If you’ve ever enabled native auditing (like audit object access success in windows or BSM in Solaris) and taken a look at the logs, you’ve certainly noticed, among other things, the astounding number of events they generate. I just enabled native auditing on my workstation while writing this to get some numbers. I then opened one (existing) file, edited one line, saved it, and closed it– this generated 130 distinct events by itself (46 4656 events, 46 4658 events, and 38 4663 events). With numbers like this, it’s no wonder that collecting and storing raw audit logs can take up so much space, and be so slow to parse through.
This is one of the areas where metadata framework technology really shines in unstructured data protection.
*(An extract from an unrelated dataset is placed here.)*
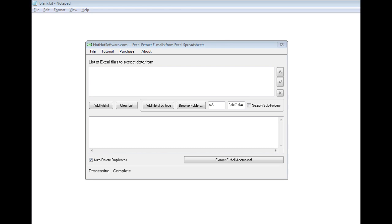However, with the software, all you do is you specify the Excel spreadsheets you're looking for and push a button and then it'll get those email addresses.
Not only can a metadata framework replace the inefficient native operating system auditing functionalities on many platforms, it can also normalize the audit information and store it within intelligent data structures. Normalization eliminates redundant information, and the data structures are much easier to process after the computationally intensive parts of the audit trail (like the path and SID) are converted into integers.
With normalization and intelligent data structures, not only can audit information be stored more efficiently, it is also quicker to search and easier to analyze.